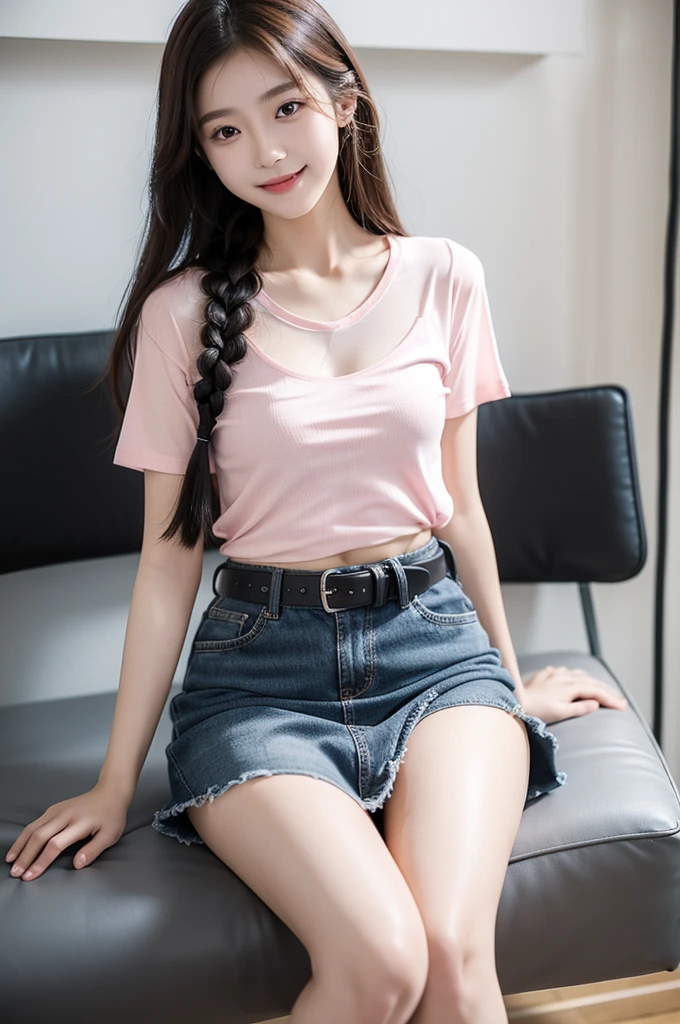 One korean Beautiful Girl 18 years old is sitting and smiling in University. She wear small see through shirt and black short mini skirt. Small legs, brown belt , put on make up, pink mouth, sexy post, no bra, small breast. Long hair braid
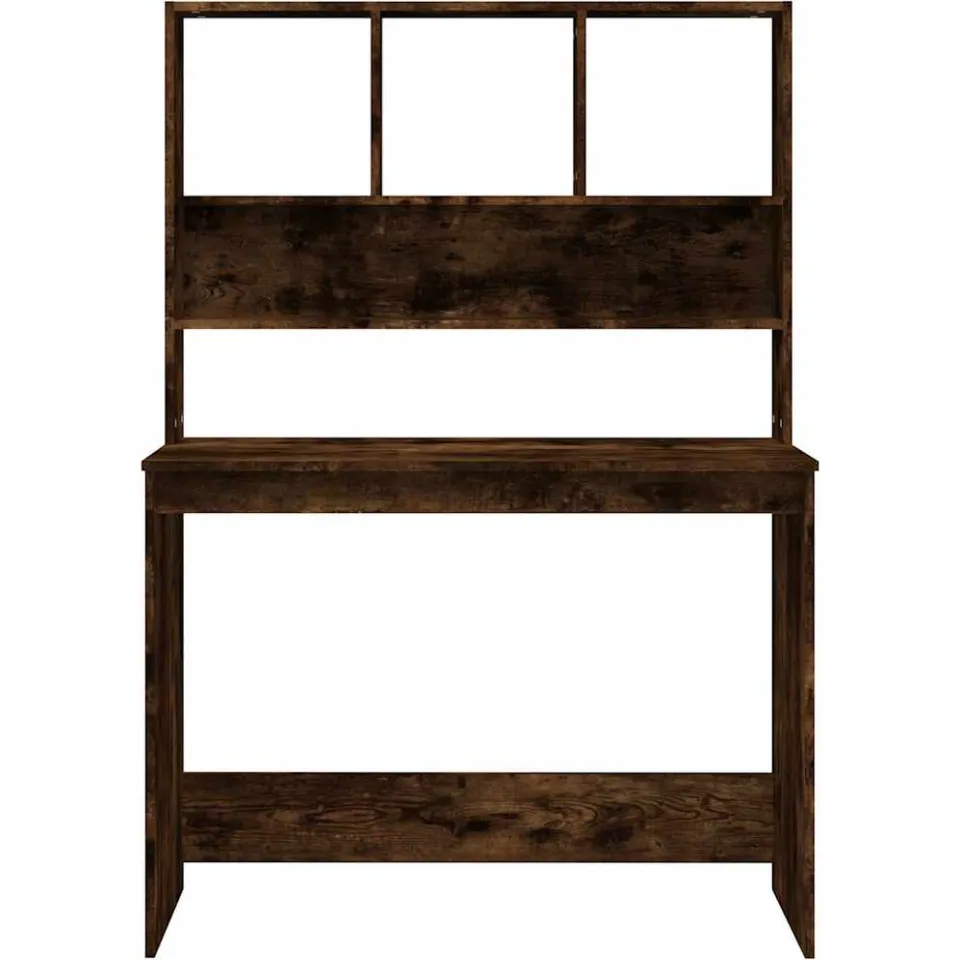 vidaXL Bureau met schappen 102x45x148 cm bewerkt hout gerookt eiken, foto 4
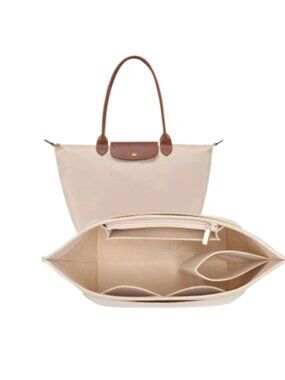 Womens Felt Purse Organizer Insert for Longchamp Le Pliage L Handbag Beige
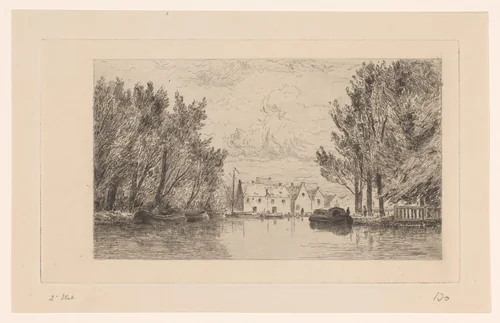 Gezicht op Crooswijk by Carel Nicolaas Storm van 's-Gravesande, print, 1880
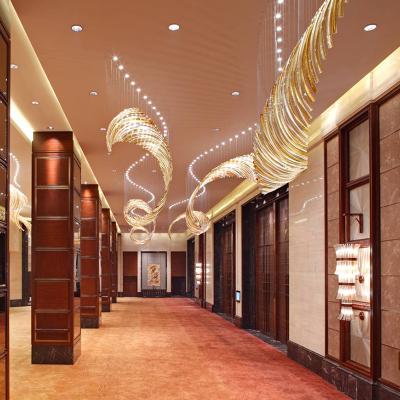 China Hotel Lobby Crystal Chandeliers Modern Light Led Lighting Pendant For Room Ceiling Lights Lamp Gold Glass Hanging Gold Chandelier for sale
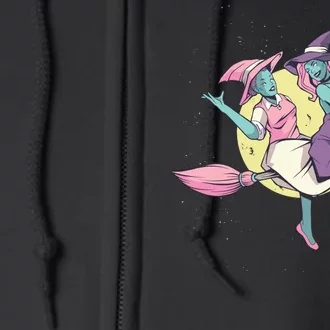 Retro Witches Flying Full Zip Hoodie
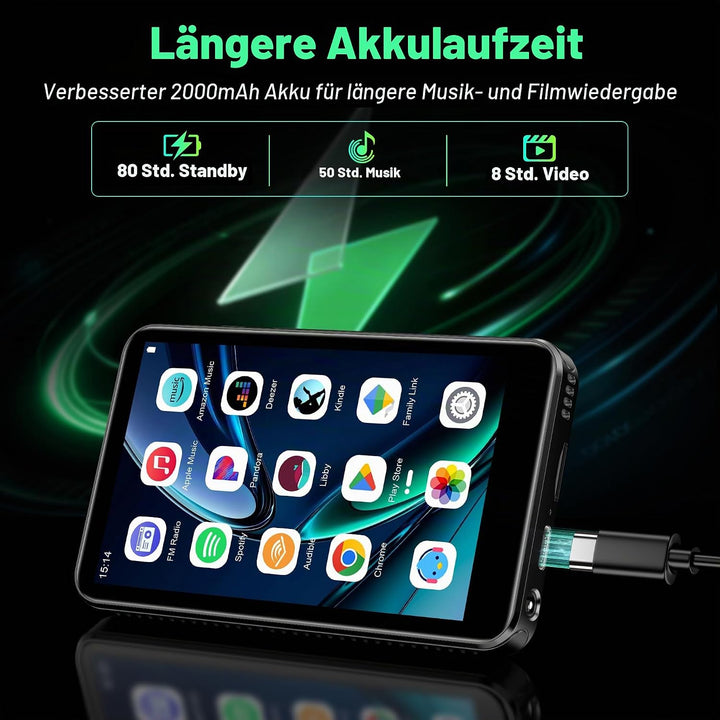 SWOFY D08 Android 13 MP3 Player 32GB, 4 Zoll Touchscreen mit Bluetooth &amp; WiFi, Unterstützt Spotify,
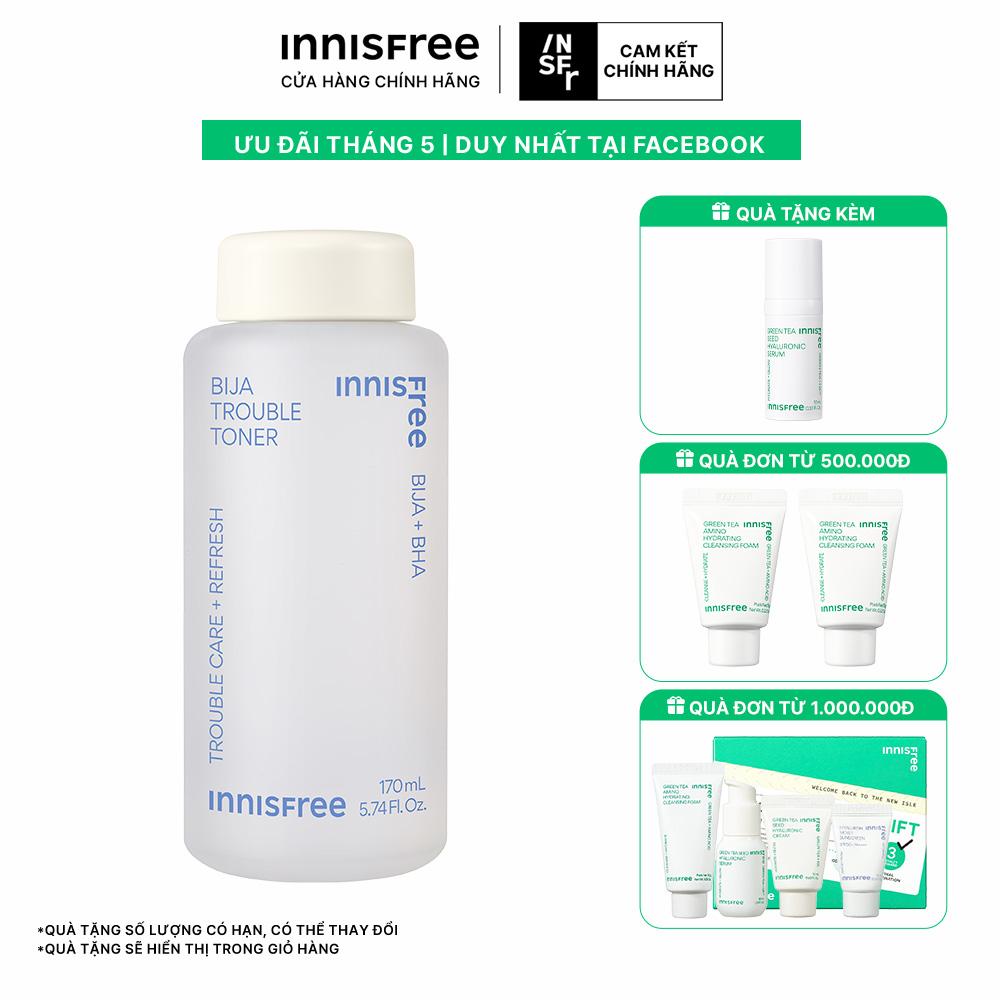 Nước hoa hồng dành cho da mụn innisfree Bija Trouble Toner 170mL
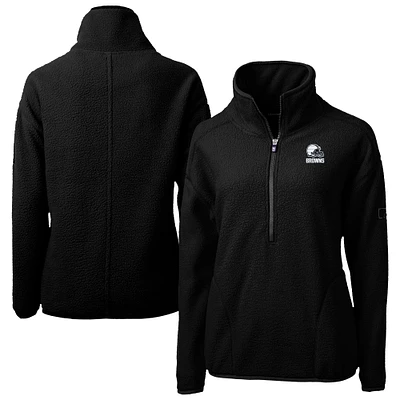 Women's Cutter & Buck Black Cleveland Browns Cascade Eco Fleece Half-Zip Jacket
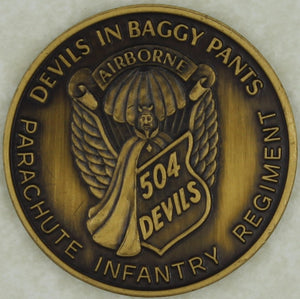 82nd Airborne 504th PIR Devil In Baggy Pants Army Challenge Coin
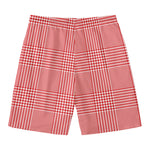 Red And White Glen Plaid Print Men's Swim Trunks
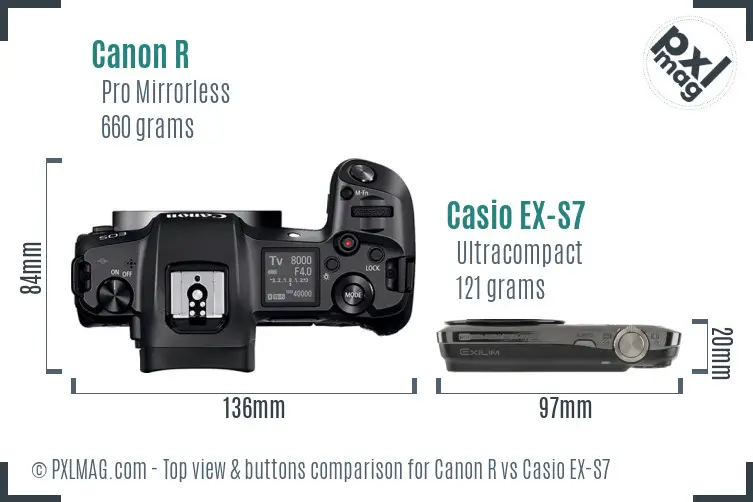 Canon R vs Casio EX-S7 top view buttons comparison
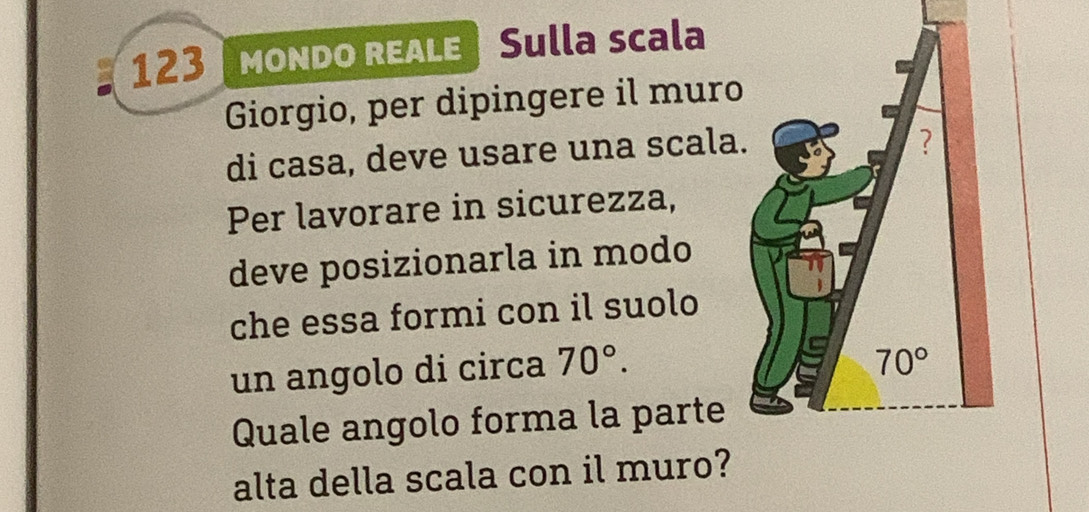 123  MONDO REALE Sulla scala
Giorgio, per dipingere il muro
di casa, deve usare una scala
Per lavorare in sicurezza,
deve posizionarla in modo
che essa formi con il suolo
un angolo di circa 70°.
Quale angolo forma la parte
alta della scala con il muro?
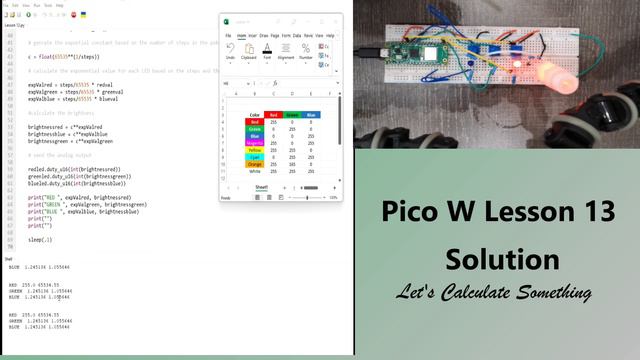 SOLUTION for Raspberry Pi Pico W LESSON 13: User Specified RGB LED Colors Using Micropython смотреть онлайн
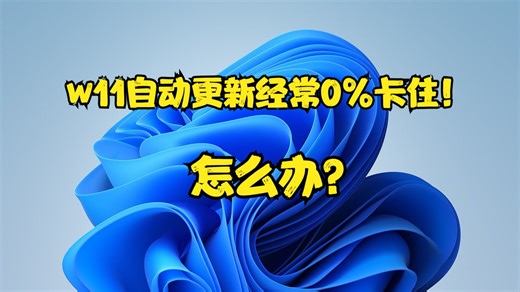 w11自动更新经常0%卡住！怎么办？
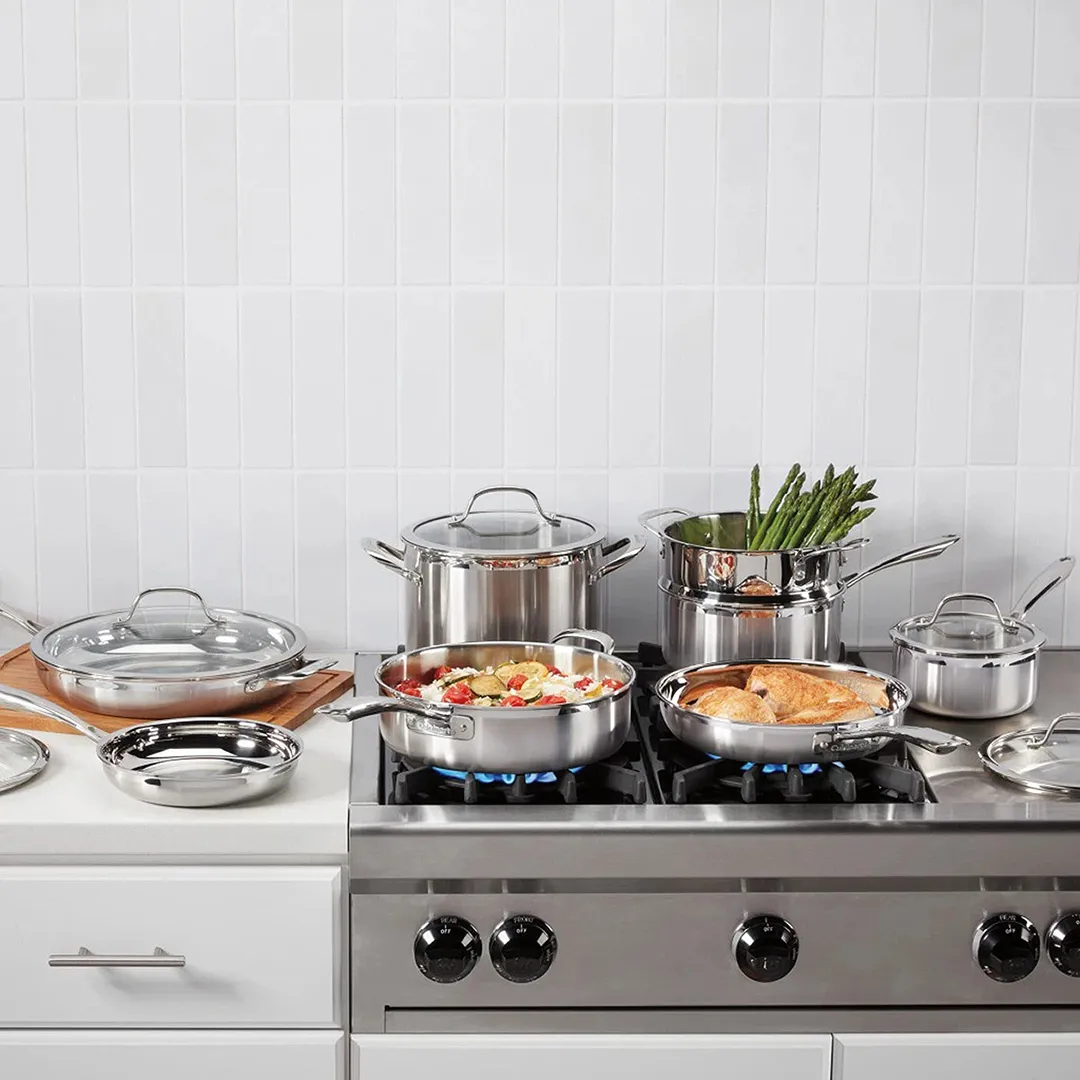 Tri-Ply Clad Stainless Steel 13-Piece Cookware Set, Glass Lids - Image 2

Try it:
Your answer should consist solely of the lines from the one with "Quale angolo forma la parte" through the last line of the entries, restated word for word, with the pictures omitted.

Answer below:
Quale angolo forma la parte
alta della scala con il muro?
 SOLUTION for Raspberry Pi Pico W LESSON 13: User Specified RGB LED Colors Using Micropython смотреть онлайн
 w11自动更新经常0%卡住！怎么办？
 Tri-Ply Clad Stainless Steel 13-Piece Cookware Set, Glass Lids - Image 2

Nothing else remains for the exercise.